## SUPPLIED MATERIAL
== Segment start ==

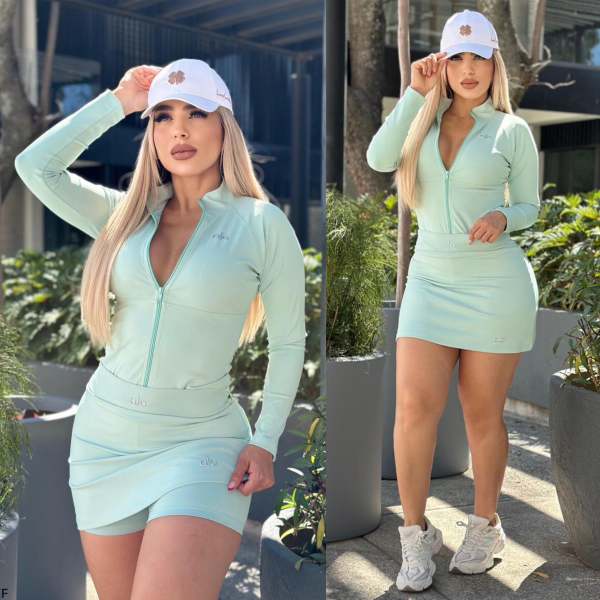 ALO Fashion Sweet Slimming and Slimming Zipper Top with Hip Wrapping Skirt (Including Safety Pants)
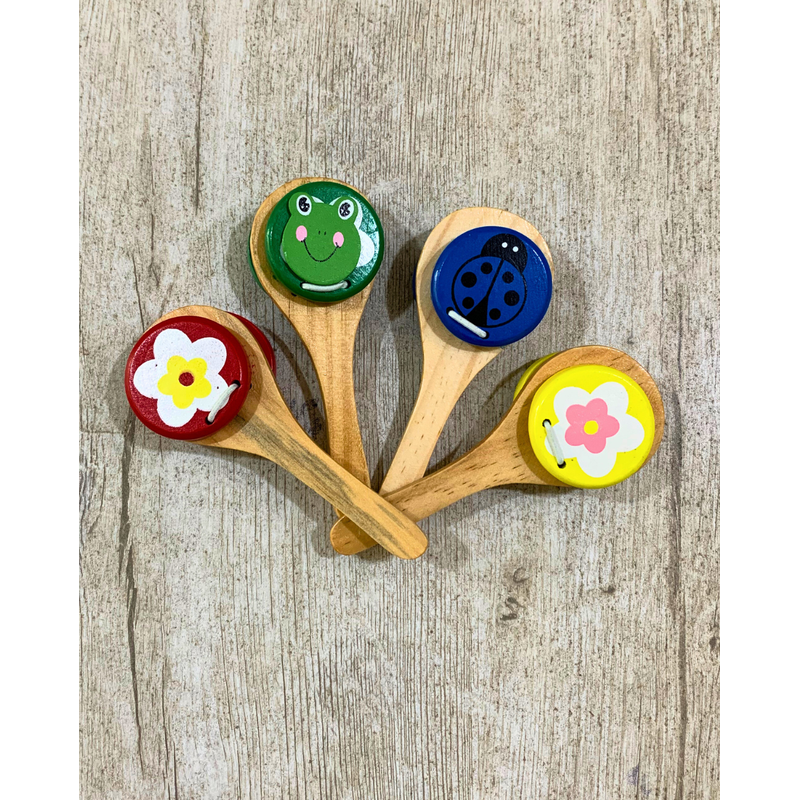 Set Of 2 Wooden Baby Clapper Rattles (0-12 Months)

== Segment end ==
== Segment start ==

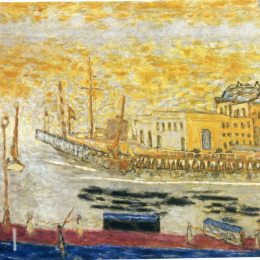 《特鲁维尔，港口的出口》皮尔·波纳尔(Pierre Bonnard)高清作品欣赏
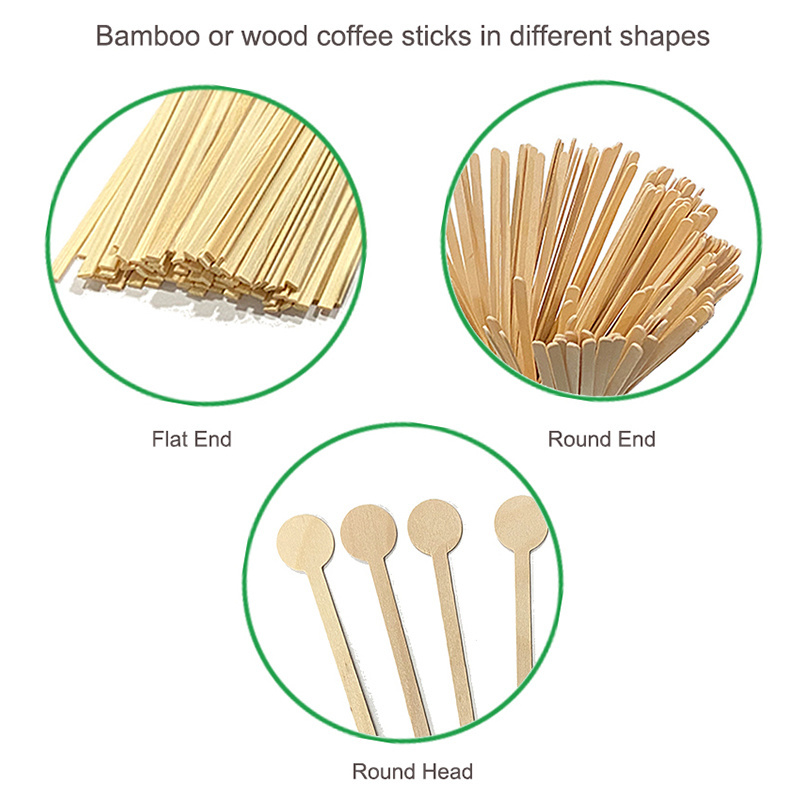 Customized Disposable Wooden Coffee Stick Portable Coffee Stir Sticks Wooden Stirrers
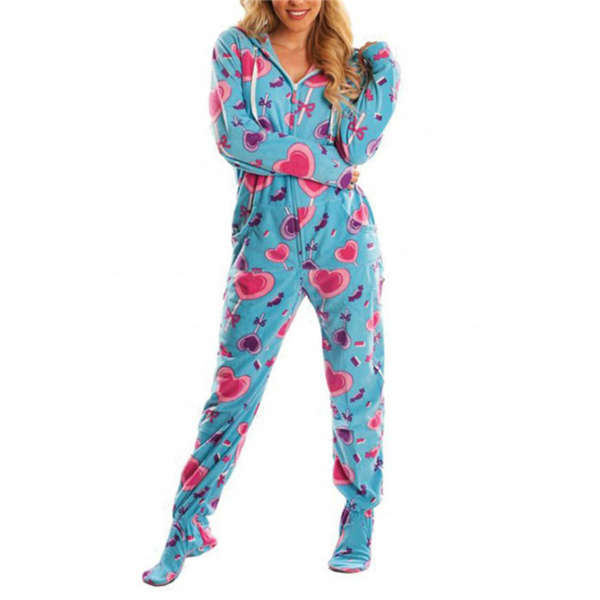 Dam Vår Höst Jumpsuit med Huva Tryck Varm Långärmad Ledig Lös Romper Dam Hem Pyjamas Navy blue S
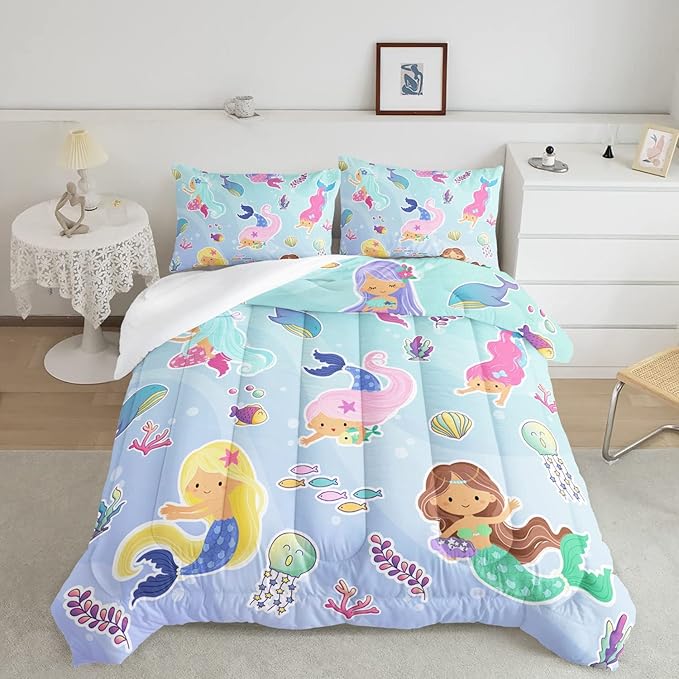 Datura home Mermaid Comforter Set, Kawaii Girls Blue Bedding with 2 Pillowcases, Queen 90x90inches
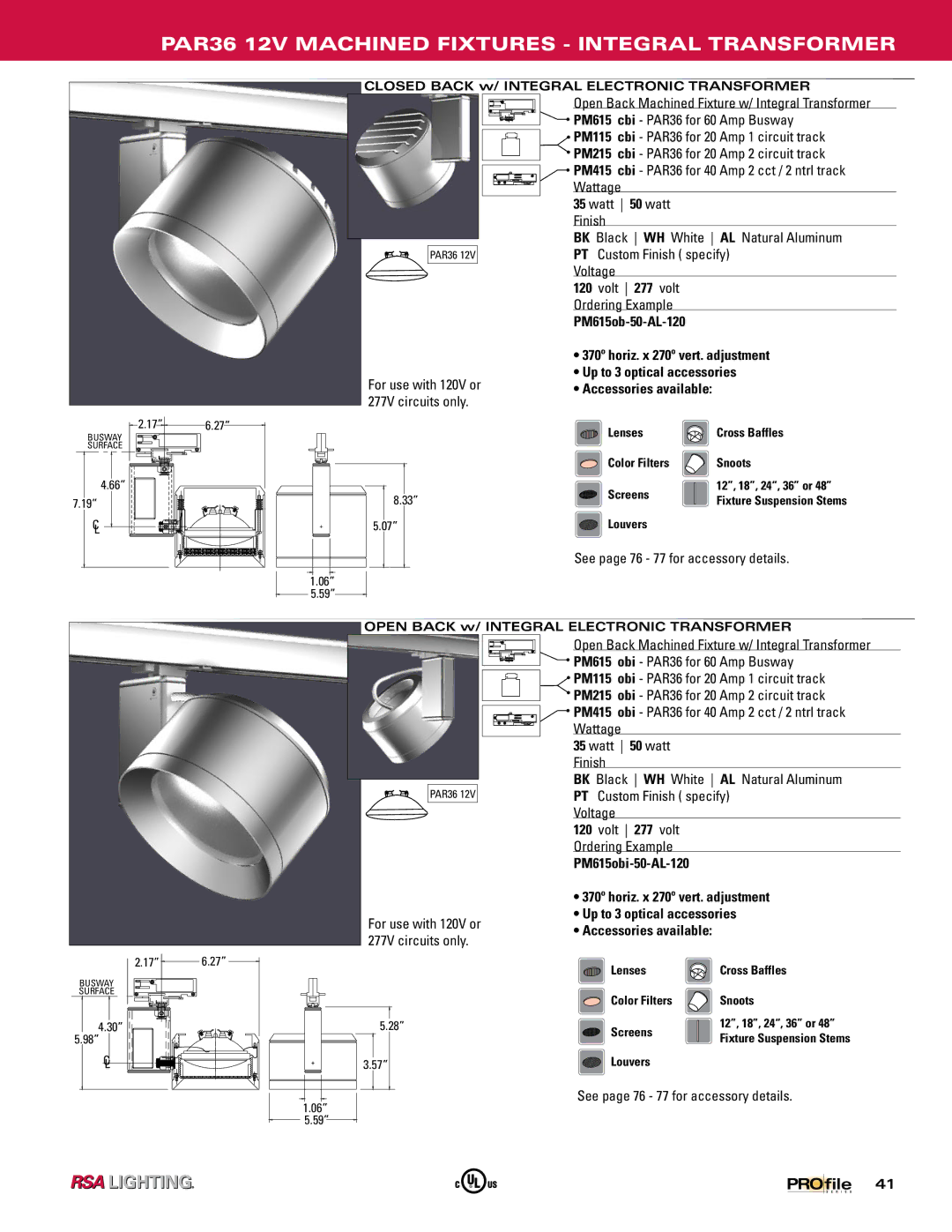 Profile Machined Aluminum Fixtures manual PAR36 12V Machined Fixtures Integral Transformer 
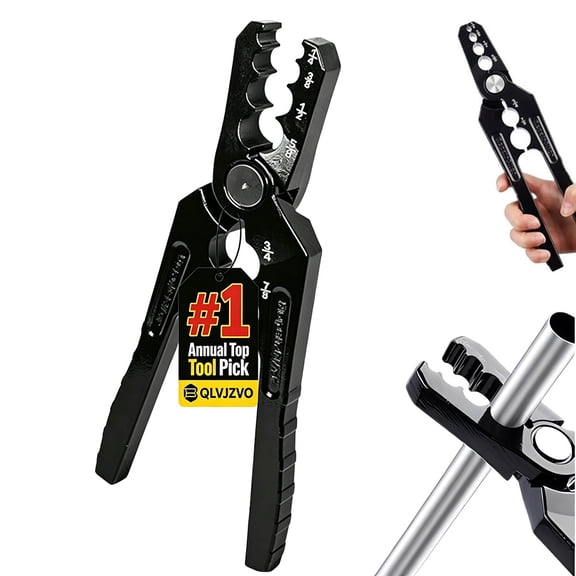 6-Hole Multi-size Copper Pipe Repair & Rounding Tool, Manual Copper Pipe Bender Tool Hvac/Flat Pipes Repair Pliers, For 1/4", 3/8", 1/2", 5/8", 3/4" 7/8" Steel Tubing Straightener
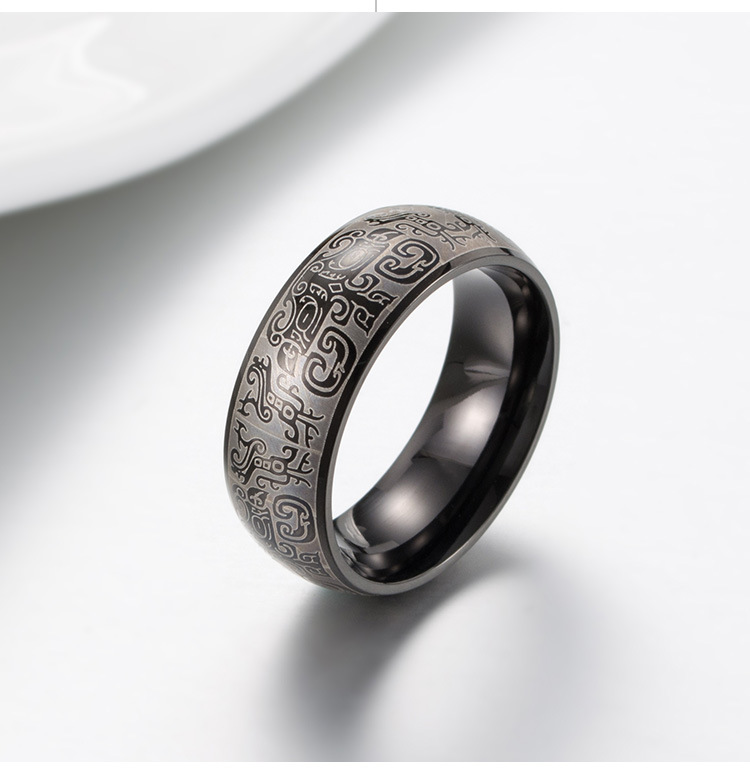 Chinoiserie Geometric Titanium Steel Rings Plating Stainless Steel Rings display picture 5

== Segment end ==

## REQUIRED WORK
What are the lines above from the one with "Dam Vår Höst" to the one with "Chinoiserie Geometric Titanium", both included? Reproduce them exactly, without pictures.

## COMPLETED TASK
 Dam Vår Höst Jumpsuit med Huva Tryck Varm Långärmad Ledig Lös Romper Dam Hem Pyjamas Navy blue S
 Datura home Mermaid Comforter Set, Kawaii Girls Blue Bedding with 2 Pillowcases, Queen 90x90inches
 Profile Machined Aluminum Fixtures manual PAR36 12V Machined Fixtures Integral Transformer 
 6-Hole Multi-size Copper Pipe Repair & Rounding Tool, Manual Copper Pipe Bender Tool Hvac/Flat Pipes Repair Pliers, For 1/4", 3/8", 1/2", 5/8", 3/4" 7/8" Steel Tubing Straightener
 Chinoiserie Geometric Titanium Steel Rings Plating Stainless Steel Rings display picture 5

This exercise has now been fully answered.